I giuslavoristi: “Salario minimo non confligge con ruolo e autonomia sindacale” – “In questo contesto serve una legge sulla rappresentatività ma soprattutto un’autorità di controllo che a valle ne valuti l’effettività, in base ai reali numeri dei sindacati sul territorio”, commenta Aurora Notarianni, giuslavorista e membro dell’Agi-Avvocati Giuslavoristi Italiani. “Si è proposto il Cnel che già tiene l’archivio nazionale dei ccnl. Ma la normativa sul salario minimo è altra cosa: ha rilievo europeo e il legislatore dovrebbe occuparsene. L’autonomia contrattuale si ferma davanti alla Costituzione, in base alla quale la retribuzione dev’essere proporzionata e sufficiente”. D’accordo il collega Enzo Morrico, vice presidente Agi: “Se una fonte legislativa prevedesse un minimo, resterebbe ovviamente nell’autonomia delle organizzazioni sindacali negoziare accordi migliorativi sia sul salario sia sul welfare.

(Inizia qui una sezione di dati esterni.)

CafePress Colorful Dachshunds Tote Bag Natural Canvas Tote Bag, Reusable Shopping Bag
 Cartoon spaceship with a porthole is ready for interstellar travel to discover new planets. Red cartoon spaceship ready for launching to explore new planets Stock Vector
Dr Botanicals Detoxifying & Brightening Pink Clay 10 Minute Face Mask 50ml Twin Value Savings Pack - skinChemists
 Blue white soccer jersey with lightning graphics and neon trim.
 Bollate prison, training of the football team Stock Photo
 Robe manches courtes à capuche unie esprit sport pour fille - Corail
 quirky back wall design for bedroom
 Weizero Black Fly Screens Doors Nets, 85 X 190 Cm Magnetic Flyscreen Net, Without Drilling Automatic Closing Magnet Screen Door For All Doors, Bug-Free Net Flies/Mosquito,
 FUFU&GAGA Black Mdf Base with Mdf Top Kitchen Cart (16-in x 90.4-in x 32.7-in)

Dire che il datore sarebbe invogliato a limitarsi ad applicare il minimo è una dichiarazione di impotenza“. Vero è anche che il salario minimo non basta, da solo, per risolvere il problema del “lavoro povero”. Che è legato a doppio filo anche ai troppi part time involontari, alla bassa quota di donne che lavorano, all’assenza di politiche industriali che favoriscano la creazione di posti di alta qualità. Ma è uno dei tasselli. Insieme al reddito di cittadinanza, dice Tomassetti alla luce degli studi sul settore tessile: “E’ una politica che elimina il ricatto occupazionale, dando un’alternativa rispetto alla necessità di accettare meno diritti e meno salario pur di tenersi il lavoro”.